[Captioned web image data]
+++++
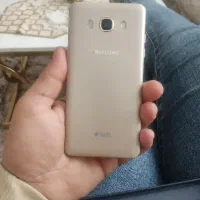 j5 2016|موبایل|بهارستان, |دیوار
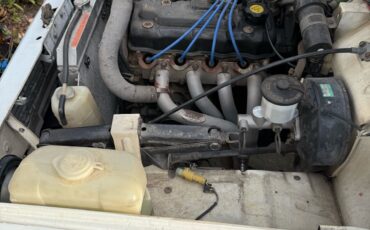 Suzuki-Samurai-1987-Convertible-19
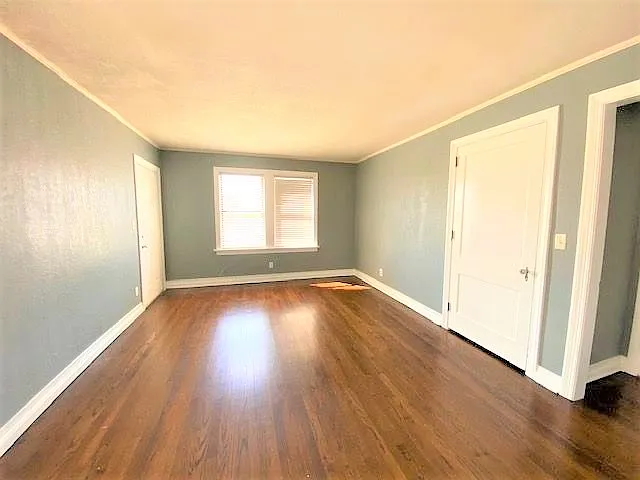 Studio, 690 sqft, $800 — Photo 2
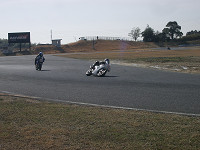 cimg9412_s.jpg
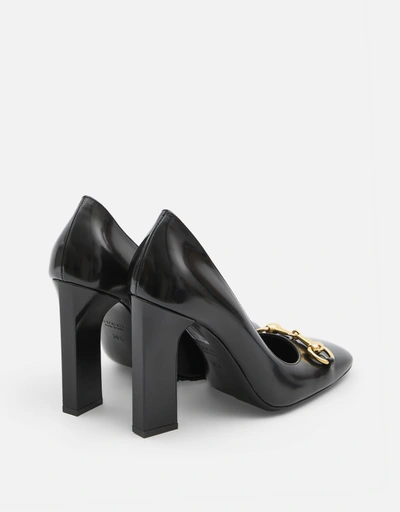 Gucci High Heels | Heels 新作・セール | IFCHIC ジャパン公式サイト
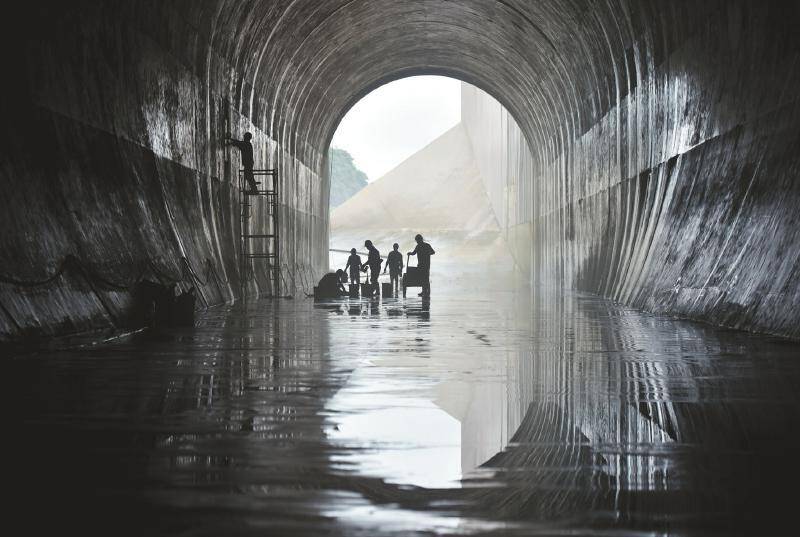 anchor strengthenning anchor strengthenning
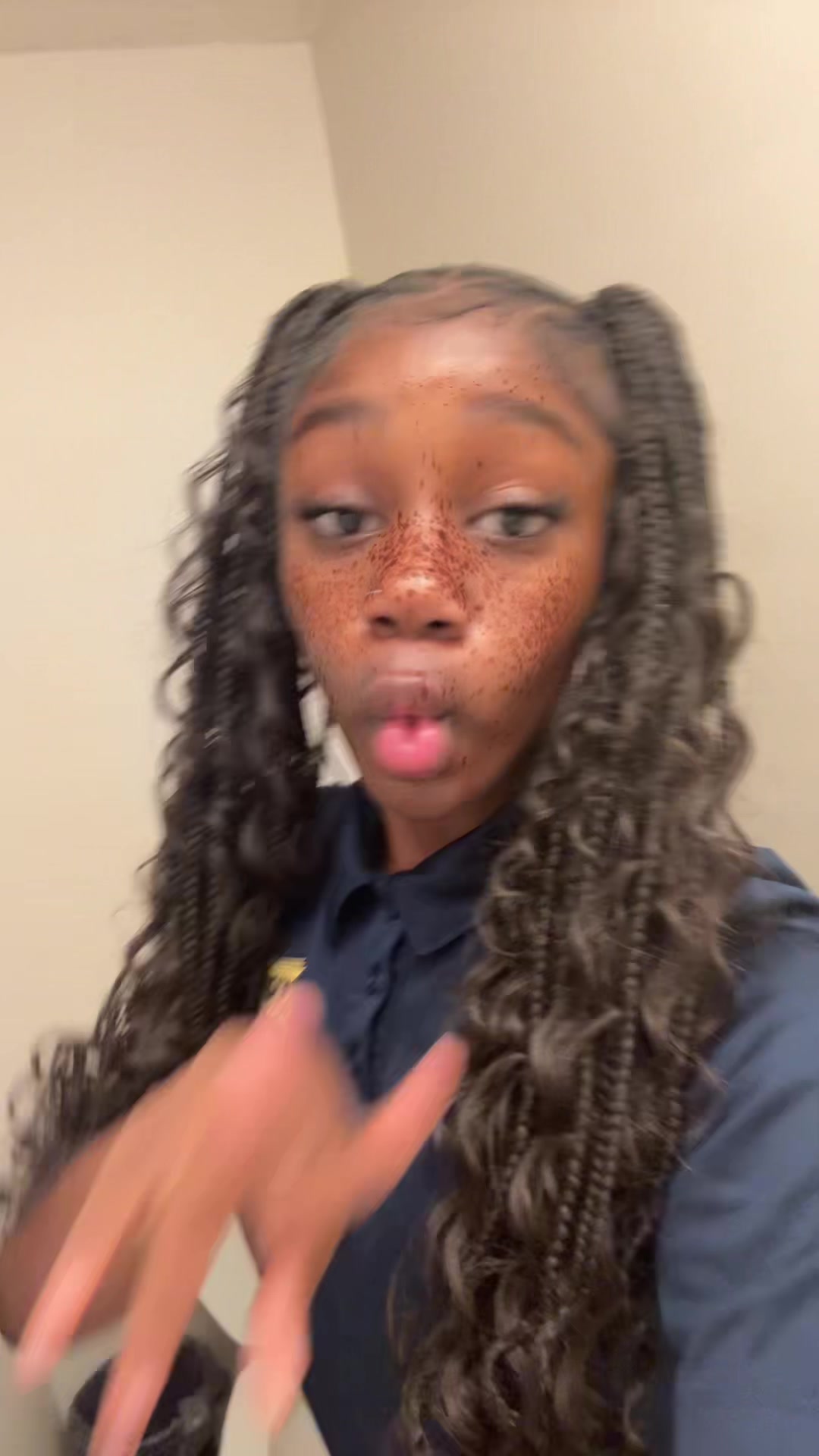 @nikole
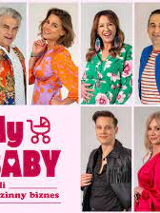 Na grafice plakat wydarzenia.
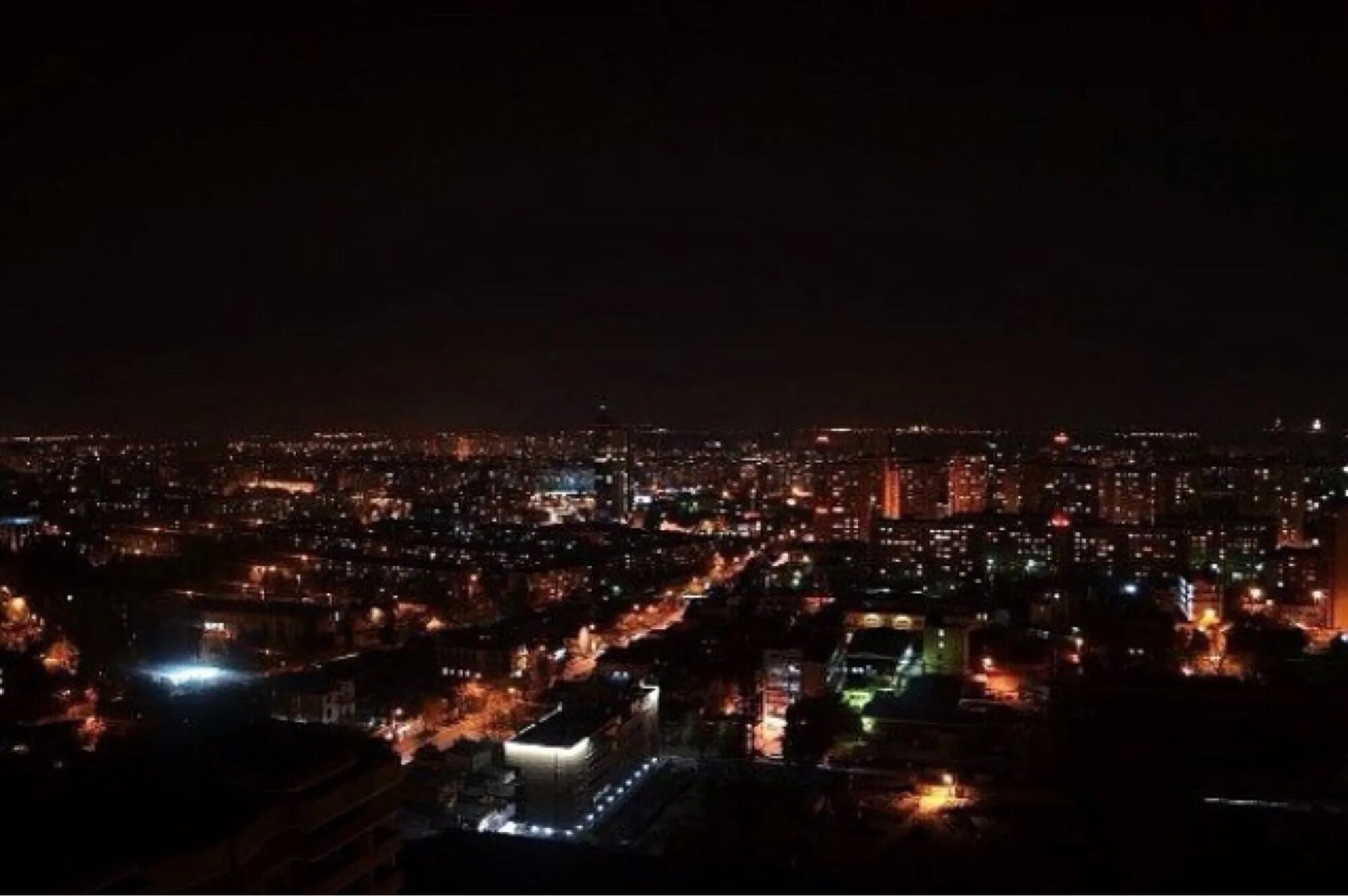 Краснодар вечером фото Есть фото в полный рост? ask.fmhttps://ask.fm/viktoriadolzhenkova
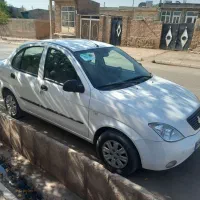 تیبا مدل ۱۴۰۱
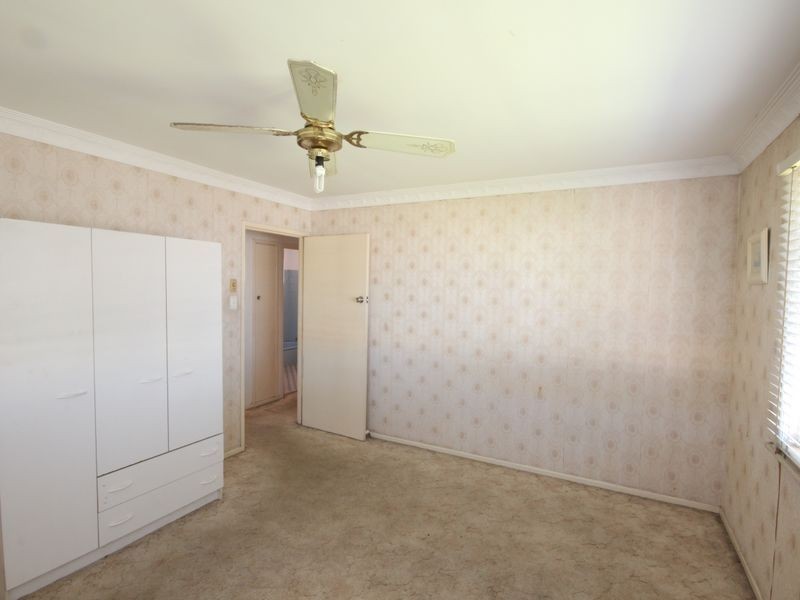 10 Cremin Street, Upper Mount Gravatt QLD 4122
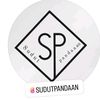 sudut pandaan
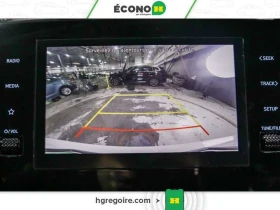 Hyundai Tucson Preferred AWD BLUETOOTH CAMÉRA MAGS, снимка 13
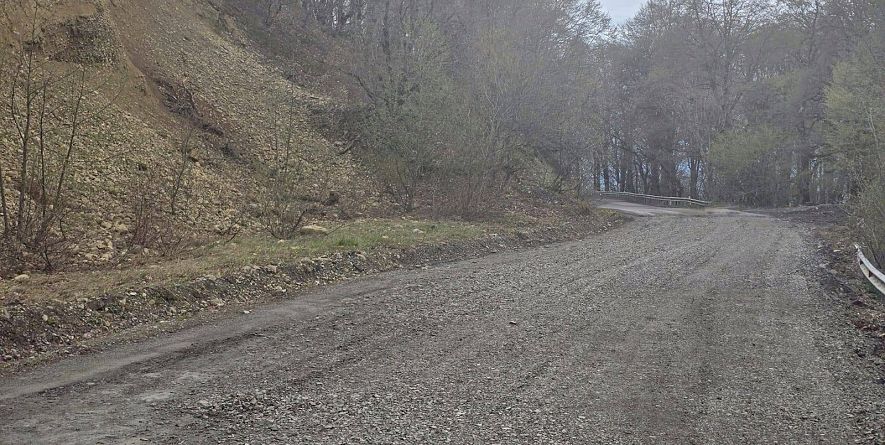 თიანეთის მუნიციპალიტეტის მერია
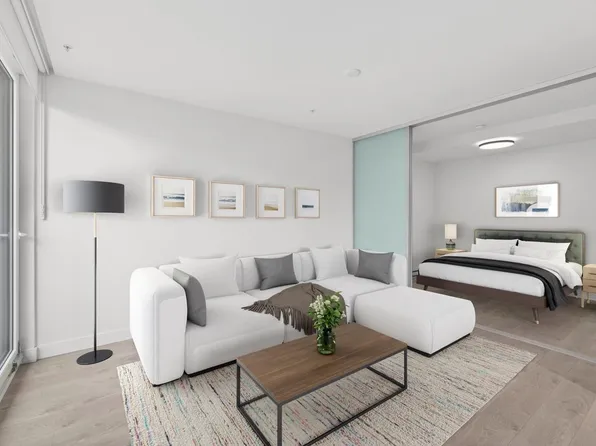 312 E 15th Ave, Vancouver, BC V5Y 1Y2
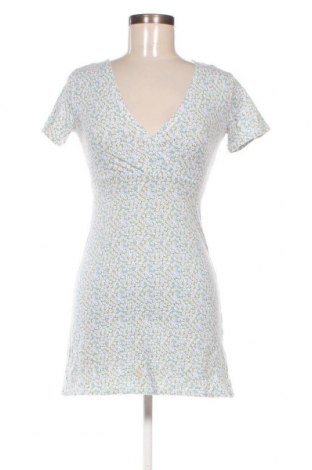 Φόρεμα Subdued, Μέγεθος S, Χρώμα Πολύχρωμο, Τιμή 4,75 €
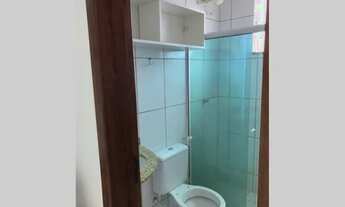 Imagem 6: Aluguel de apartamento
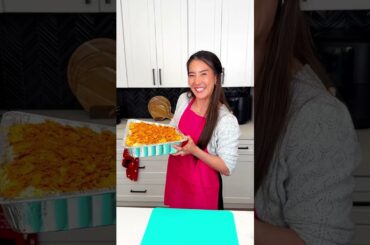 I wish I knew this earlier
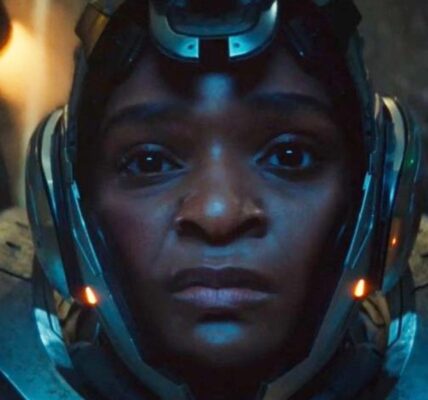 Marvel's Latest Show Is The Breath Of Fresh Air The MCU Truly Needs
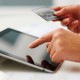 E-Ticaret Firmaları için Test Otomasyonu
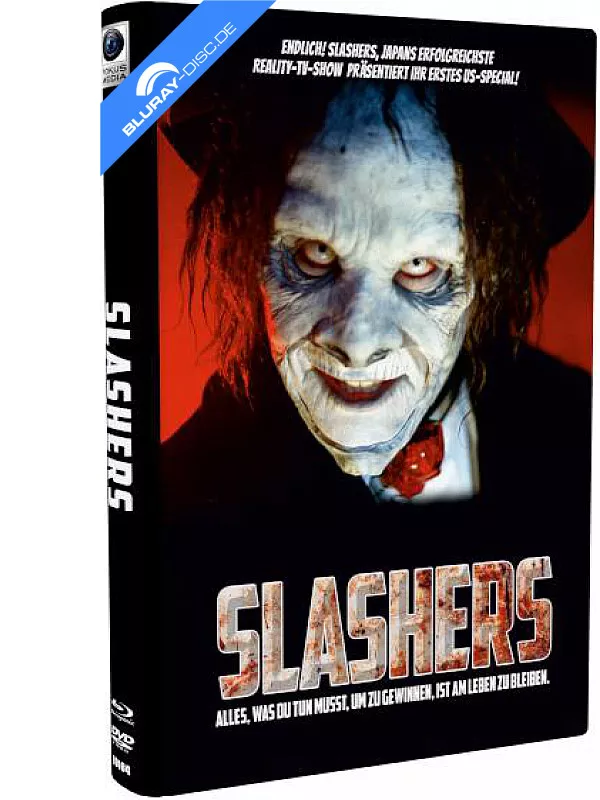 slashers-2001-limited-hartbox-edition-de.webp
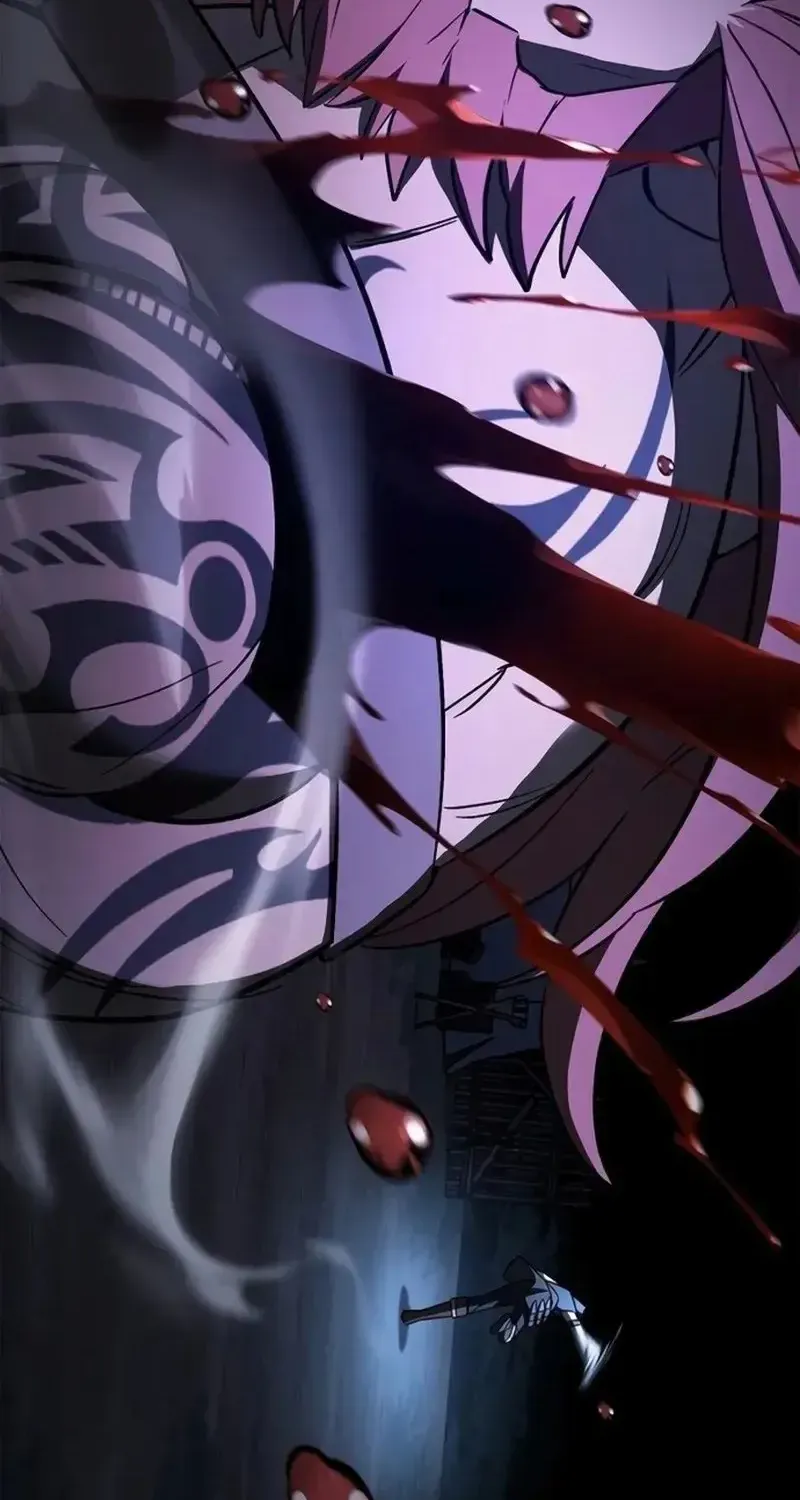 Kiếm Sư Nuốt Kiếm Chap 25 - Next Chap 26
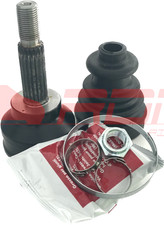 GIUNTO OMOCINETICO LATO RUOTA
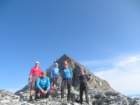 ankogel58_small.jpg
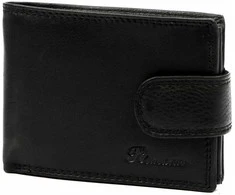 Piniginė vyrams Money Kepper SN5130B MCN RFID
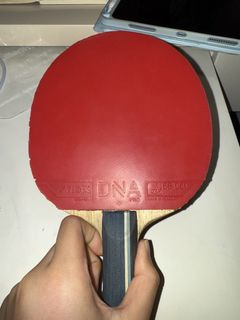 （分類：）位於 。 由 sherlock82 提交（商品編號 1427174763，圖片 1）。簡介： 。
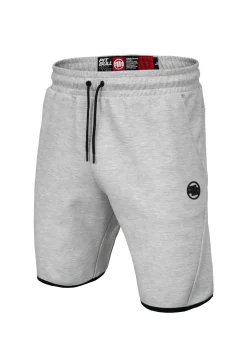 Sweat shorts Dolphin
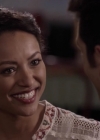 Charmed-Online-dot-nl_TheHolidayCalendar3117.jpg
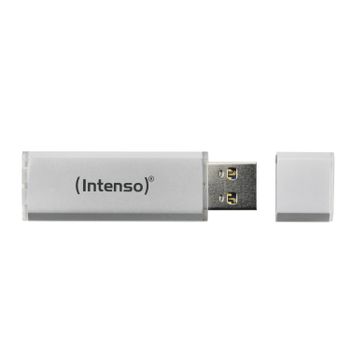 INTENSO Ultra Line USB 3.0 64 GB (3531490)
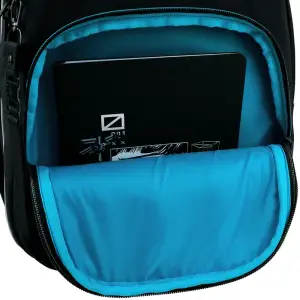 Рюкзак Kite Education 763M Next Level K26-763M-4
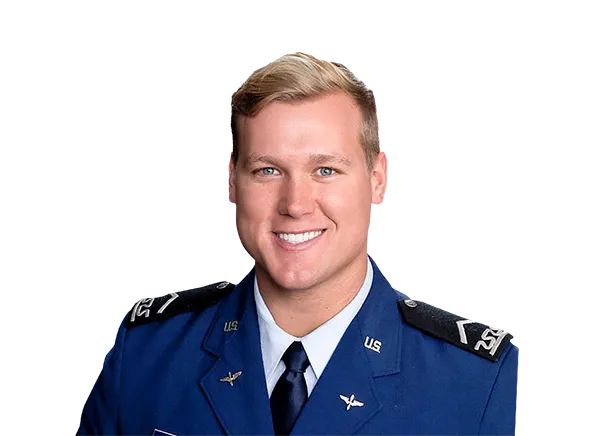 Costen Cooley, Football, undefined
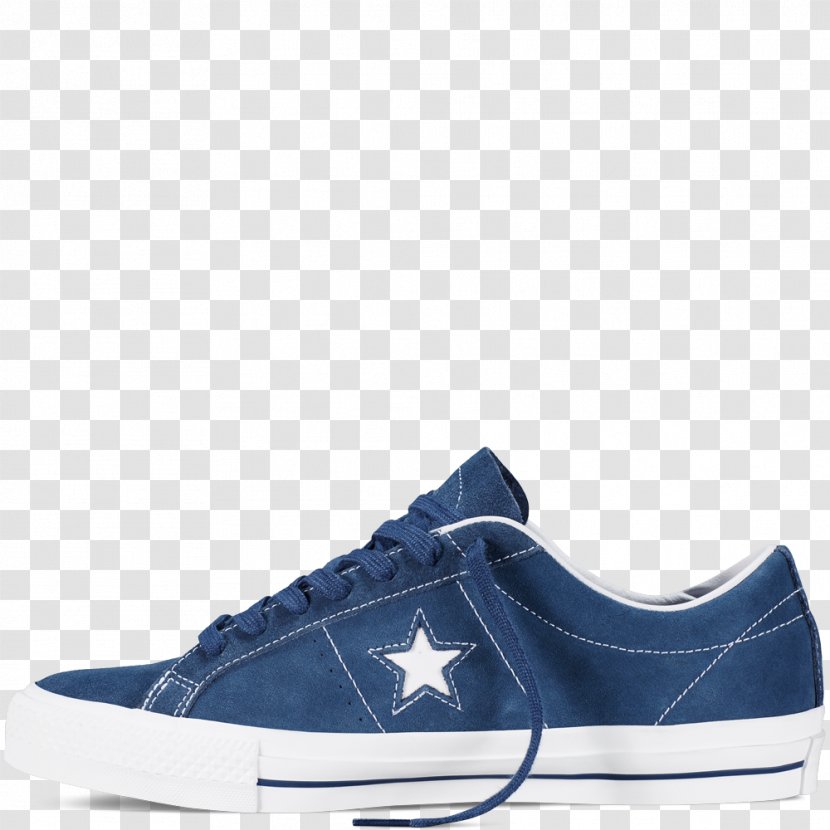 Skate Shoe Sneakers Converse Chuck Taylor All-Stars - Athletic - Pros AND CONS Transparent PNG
+++++
— Exercise aim —
Please copy, exactly as written, the lines from the one that contains "Costen Cooley, Football, undefined" through the end of the records, both ends included. Do not include the pictures.

— Solution to the problem —
 Costen Cooley, Football, undefined
 Skate Shoe Sneakers Converse Chuck Taylor All-Stars - Athletic - Pros AND CONS Transparent PNG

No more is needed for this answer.